Это было как самые лучшие моменты любви Натана, и что-то прорвалось в ней, потому что она думала, что все закончилось навсегда, а на самом деле ужасно хотела ощутить снова. Достаточно сильно, чтобы удерживать дверь, не смотря на силу, которая этому противилась. Пока она боролась. Она почувствовала, что мертвые начали проходить. Эндрю был первым у прохода, и это порадовало ее, но он был только первым.
Другие тоже проходили мимо.
Она не могла сосчитать их. И не пыталась. Она боролась с дверью, и знала, что все, что ей нужно было сделать, это удерживать ее открытой достаточно долго. Она не знала, сколько мертвых успеет пройти. Не все, если только она не сможет широко распахнуть эту дверь и убрать все ограничения.

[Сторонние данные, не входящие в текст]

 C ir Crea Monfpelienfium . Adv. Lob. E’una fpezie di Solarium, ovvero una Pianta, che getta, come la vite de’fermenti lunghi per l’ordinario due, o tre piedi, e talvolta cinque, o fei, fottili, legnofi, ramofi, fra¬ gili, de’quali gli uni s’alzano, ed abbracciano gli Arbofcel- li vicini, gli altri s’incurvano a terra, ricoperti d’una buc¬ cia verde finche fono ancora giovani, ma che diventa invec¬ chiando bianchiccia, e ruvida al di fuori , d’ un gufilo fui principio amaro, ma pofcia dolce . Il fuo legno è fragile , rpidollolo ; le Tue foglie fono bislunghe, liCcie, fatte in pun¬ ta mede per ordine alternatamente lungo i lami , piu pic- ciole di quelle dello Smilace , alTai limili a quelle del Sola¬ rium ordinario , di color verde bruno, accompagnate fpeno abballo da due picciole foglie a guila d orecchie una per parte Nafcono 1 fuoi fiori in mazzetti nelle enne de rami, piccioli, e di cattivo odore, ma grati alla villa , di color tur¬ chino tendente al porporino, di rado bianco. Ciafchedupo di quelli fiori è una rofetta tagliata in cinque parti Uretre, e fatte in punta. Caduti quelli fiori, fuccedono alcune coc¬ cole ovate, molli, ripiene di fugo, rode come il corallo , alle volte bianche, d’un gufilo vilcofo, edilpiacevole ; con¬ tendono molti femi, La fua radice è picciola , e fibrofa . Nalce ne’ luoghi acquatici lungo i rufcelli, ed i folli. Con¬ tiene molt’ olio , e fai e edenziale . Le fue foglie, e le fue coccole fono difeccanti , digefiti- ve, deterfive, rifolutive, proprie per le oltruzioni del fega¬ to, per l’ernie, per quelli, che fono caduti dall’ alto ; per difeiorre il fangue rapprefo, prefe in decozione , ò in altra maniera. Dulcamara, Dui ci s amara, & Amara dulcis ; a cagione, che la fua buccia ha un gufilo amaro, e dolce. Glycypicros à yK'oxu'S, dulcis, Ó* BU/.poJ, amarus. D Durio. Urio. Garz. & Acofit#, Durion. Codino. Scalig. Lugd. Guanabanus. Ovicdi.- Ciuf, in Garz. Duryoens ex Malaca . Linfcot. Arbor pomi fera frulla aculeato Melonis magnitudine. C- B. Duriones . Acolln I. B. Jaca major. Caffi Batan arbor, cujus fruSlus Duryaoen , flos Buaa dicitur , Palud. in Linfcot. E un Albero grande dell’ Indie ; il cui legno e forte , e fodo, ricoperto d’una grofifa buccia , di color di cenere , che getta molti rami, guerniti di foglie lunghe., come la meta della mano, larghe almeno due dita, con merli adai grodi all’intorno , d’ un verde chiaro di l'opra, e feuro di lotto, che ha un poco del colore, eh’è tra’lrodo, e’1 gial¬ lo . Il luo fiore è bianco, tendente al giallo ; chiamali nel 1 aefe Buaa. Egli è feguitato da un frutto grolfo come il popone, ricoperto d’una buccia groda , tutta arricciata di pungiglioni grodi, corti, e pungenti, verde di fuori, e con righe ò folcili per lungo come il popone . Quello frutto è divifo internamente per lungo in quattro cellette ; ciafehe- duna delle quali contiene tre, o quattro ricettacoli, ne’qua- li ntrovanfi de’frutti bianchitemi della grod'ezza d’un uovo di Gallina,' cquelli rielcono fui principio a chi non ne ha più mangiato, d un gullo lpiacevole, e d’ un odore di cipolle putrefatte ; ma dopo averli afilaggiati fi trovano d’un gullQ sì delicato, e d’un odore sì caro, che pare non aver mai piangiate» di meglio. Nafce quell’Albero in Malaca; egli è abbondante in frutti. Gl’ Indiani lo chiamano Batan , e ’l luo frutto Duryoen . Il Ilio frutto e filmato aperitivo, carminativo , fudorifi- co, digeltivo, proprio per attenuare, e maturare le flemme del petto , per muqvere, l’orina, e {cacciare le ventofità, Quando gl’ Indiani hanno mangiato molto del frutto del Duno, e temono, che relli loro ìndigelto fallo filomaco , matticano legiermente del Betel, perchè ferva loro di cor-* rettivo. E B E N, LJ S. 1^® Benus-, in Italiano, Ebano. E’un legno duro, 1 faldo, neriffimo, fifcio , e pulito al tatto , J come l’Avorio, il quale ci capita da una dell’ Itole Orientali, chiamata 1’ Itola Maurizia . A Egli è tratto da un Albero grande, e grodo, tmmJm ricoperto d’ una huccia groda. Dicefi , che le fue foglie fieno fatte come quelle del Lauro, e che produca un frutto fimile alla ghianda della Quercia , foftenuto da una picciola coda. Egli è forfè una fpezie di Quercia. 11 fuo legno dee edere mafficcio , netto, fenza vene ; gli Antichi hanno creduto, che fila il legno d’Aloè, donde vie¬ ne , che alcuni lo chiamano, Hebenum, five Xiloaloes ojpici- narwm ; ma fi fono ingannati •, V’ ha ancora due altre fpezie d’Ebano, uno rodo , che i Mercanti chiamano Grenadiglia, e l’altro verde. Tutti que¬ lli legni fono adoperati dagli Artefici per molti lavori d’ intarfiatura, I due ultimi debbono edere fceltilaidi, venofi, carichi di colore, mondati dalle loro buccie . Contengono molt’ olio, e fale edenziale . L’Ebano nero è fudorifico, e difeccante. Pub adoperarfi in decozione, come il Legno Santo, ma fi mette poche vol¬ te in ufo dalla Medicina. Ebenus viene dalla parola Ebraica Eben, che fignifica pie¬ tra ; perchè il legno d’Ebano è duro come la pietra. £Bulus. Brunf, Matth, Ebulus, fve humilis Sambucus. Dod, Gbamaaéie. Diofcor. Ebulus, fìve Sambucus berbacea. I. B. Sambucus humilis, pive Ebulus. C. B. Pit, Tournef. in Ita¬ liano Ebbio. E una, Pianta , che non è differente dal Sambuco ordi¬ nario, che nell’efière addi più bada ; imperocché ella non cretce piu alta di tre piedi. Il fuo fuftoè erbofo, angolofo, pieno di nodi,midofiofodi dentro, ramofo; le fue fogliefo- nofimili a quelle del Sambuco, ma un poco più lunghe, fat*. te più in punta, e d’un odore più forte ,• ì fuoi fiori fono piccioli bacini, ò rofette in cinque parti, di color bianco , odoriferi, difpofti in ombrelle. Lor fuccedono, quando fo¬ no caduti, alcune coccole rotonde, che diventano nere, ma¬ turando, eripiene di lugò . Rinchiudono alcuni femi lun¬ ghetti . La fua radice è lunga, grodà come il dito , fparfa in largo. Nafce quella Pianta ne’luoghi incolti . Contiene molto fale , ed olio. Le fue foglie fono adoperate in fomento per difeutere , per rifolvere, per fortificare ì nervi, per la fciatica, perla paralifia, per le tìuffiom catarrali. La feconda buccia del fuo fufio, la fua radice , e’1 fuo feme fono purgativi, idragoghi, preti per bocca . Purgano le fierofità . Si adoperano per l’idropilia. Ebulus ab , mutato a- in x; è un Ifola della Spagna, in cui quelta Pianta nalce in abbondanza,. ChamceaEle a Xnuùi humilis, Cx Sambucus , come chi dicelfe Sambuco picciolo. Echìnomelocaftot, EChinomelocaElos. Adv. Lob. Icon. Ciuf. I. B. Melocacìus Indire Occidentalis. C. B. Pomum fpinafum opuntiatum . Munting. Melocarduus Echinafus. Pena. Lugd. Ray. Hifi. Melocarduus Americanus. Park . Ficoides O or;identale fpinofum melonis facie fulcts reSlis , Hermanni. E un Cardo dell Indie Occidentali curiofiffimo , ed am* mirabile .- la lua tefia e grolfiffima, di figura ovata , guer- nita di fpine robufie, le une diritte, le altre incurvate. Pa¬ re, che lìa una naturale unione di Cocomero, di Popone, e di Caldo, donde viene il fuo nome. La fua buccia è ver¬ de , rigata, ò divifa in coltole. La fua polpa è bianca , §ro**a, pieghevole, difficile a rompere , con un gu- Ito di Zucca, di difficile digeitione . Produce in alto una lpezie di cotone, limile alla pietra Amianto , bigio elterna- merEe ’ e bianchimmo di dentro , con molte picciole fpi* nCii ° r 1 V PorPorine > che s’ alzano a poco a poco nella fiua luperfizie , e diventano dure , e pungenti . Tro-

Но она не должна была этого делать. Все, что ей было нужно, это удерживать ее достаточно долго, а затем?
Она тоже могла пройти.
Она могла пойти к свету, и миру, и отсутствию боли и потерь, она могла найти комфорт там, могла отбросить все горе, нечувствительность, всю ужасную серость, вину и гнев, которые омрачали последние месяцы ее жизни.
– Эмма!
Это было бы настолько легко. Это было бы гораздо легче.
Последний человек проскользнул мимо, а ее руки болели от усилий и холода. Она знала, что исчерпала все силы; никого не осталось, что бы дать ее ей. Но она могла...
Могла пройти. Но Натана, она знала, не было там. Его не было среди мертвых; она узнала бы его где угодно. Его имя, его лицо, звук его голоса. Даже если бы она не могла коснуться его без холода. Она могла бы пройти через эту дверь, и он остался бы пойман в ловушку здесь, а она провела бы целую вечность без него.
И она подумала, что будет мертва, и она не должна будет беспокоиться.
Она сглотнула, ее пальцы соскользнули, и она продвинулась на дюйм вперед.
И тогда, ясно как звонок, она услышала знакомый тихий голос, полный неуверенности и страха, запечатленных в каждом слове.
– Эмма, я не хочу, чтобы ты умерла. – Голос Майкла.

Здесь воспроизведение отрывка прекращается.